------ Task material ------

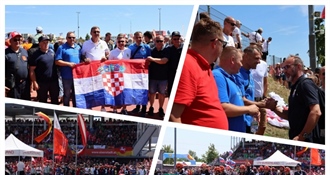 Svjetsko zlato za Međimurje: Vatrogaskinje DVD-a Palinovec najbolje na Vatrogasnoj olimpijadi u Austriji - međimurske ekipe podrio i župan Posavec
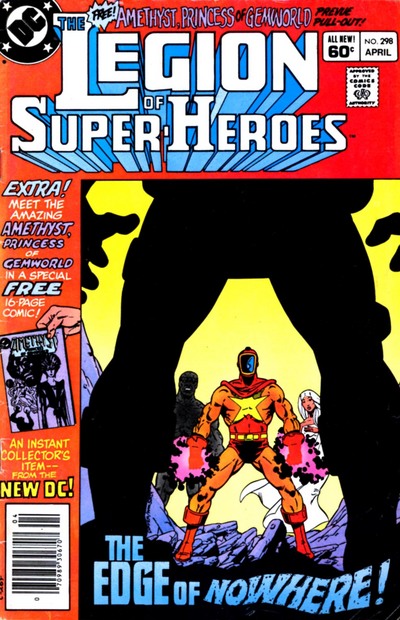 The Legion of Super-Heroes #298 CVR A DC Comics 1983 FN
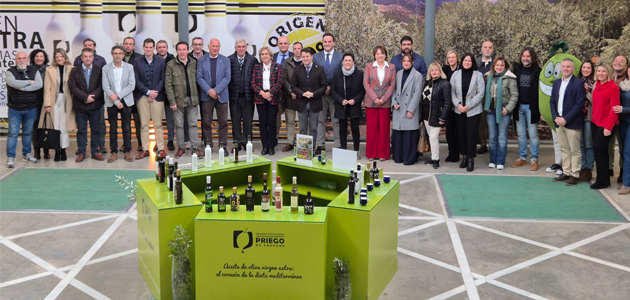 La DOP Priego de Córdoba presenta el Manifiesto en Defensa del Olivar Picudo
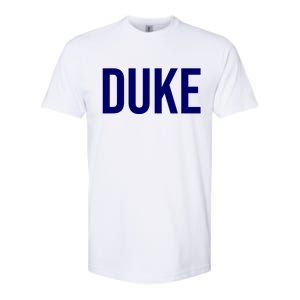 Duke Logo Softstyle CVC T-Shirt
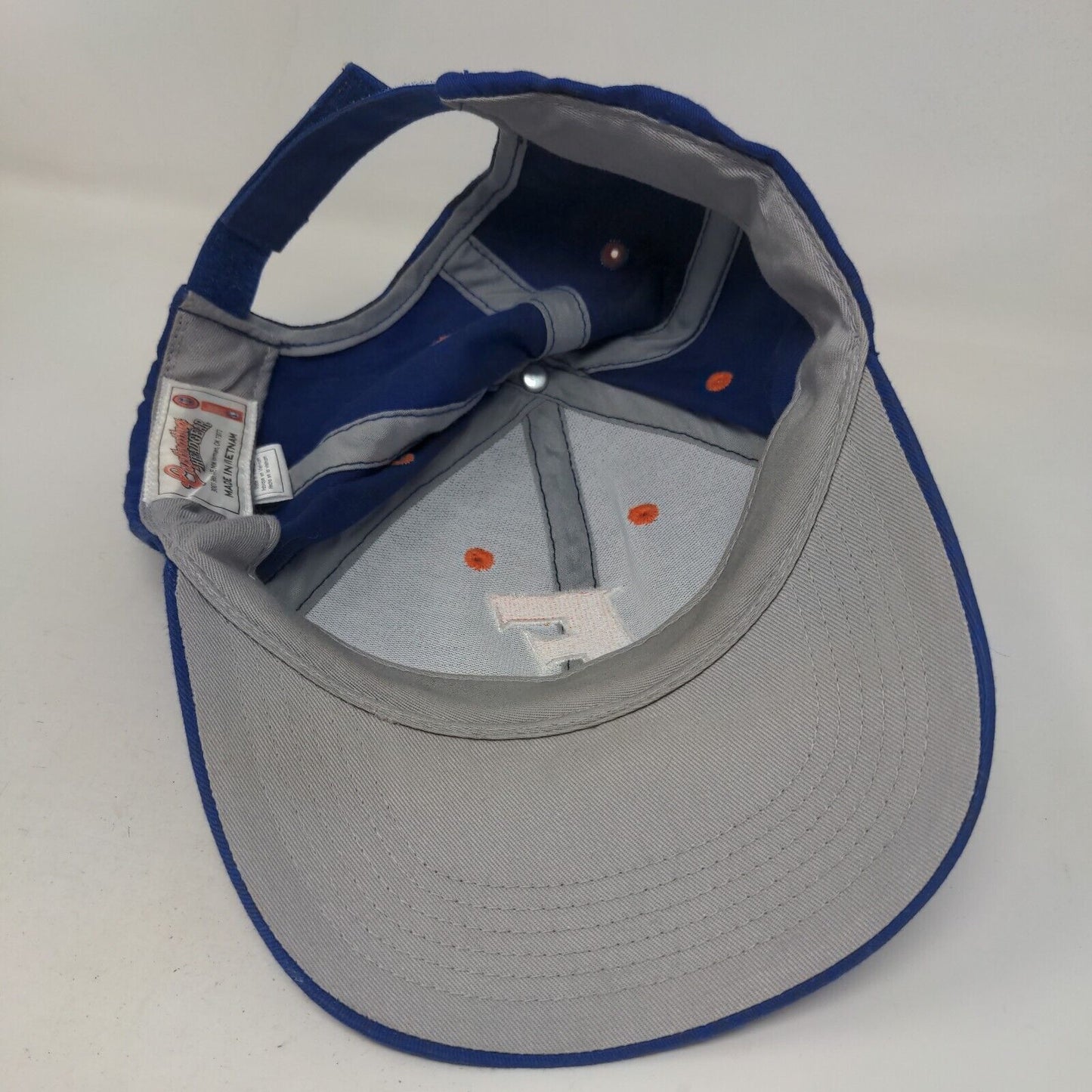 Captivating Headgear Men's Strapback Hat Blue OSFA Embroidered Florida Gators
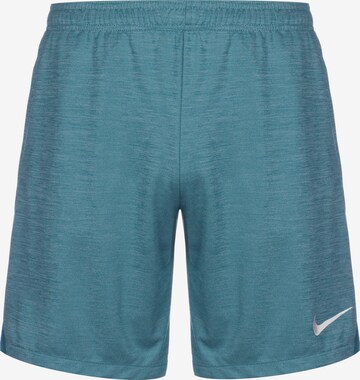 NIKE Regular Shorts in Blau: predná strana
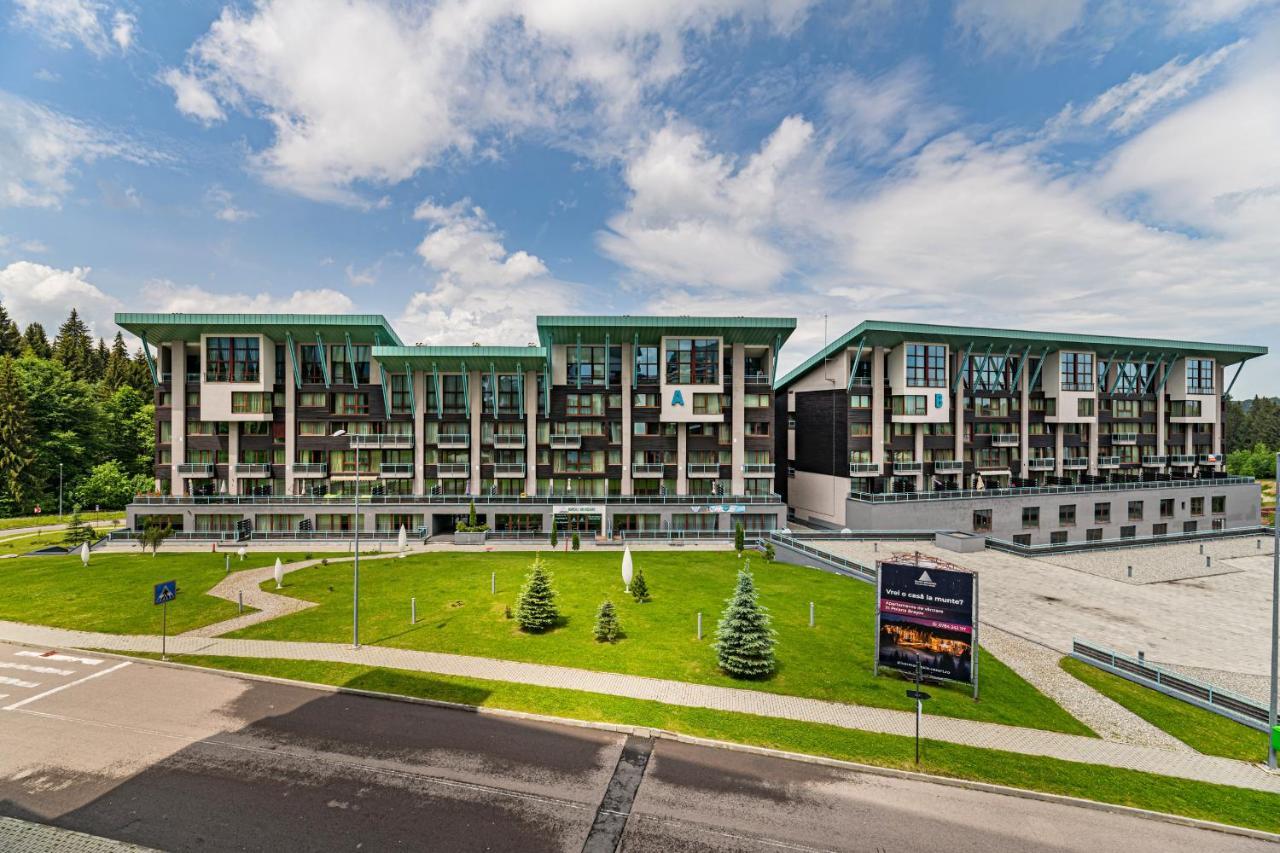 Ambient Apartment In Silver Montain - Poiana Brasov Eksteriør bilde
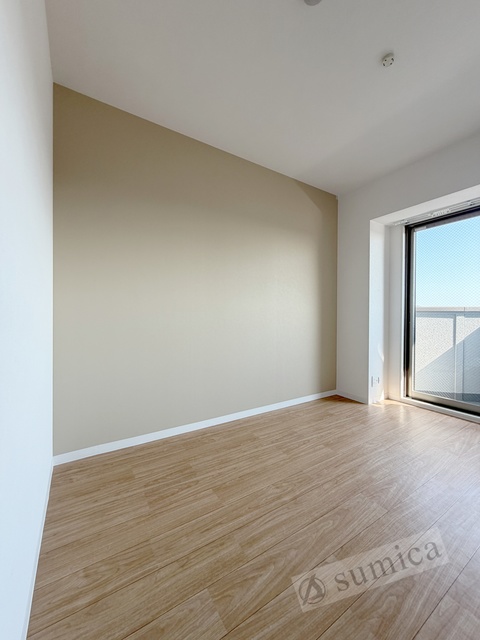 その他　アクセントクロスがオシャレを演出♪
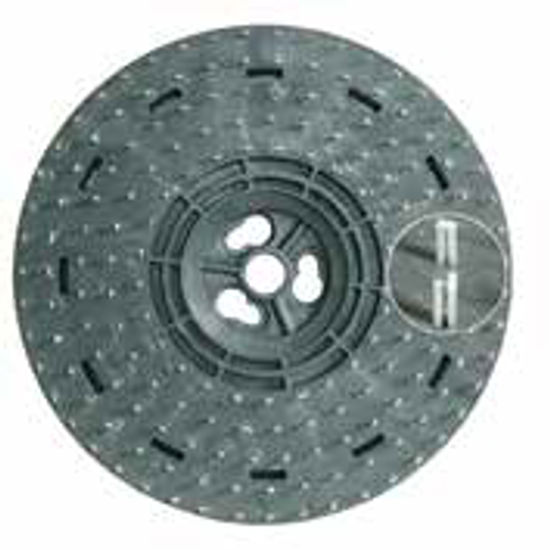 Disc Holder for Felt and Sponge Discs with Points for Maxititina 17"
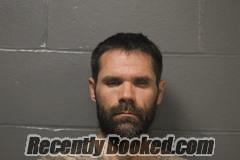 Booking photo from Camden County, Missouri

------

Both the line containing "NIKE Regular Shorts in Blau: predná strana" and the last line of the listing above belong in the copy, along with every line between them; retype them exactly and omit the pictures.

 NIKE Regular Shorts in Blau: predná strana
 Ambient Apartment In Silver Montain - Poiana Brasov Eksteriør bilde
 その他　アクセントクロスがオシャレを演出♪
 Disc Holder for Felt and Sponge Discs with Points for Maxititina 17"
 Booking photo from Camden County, Missouri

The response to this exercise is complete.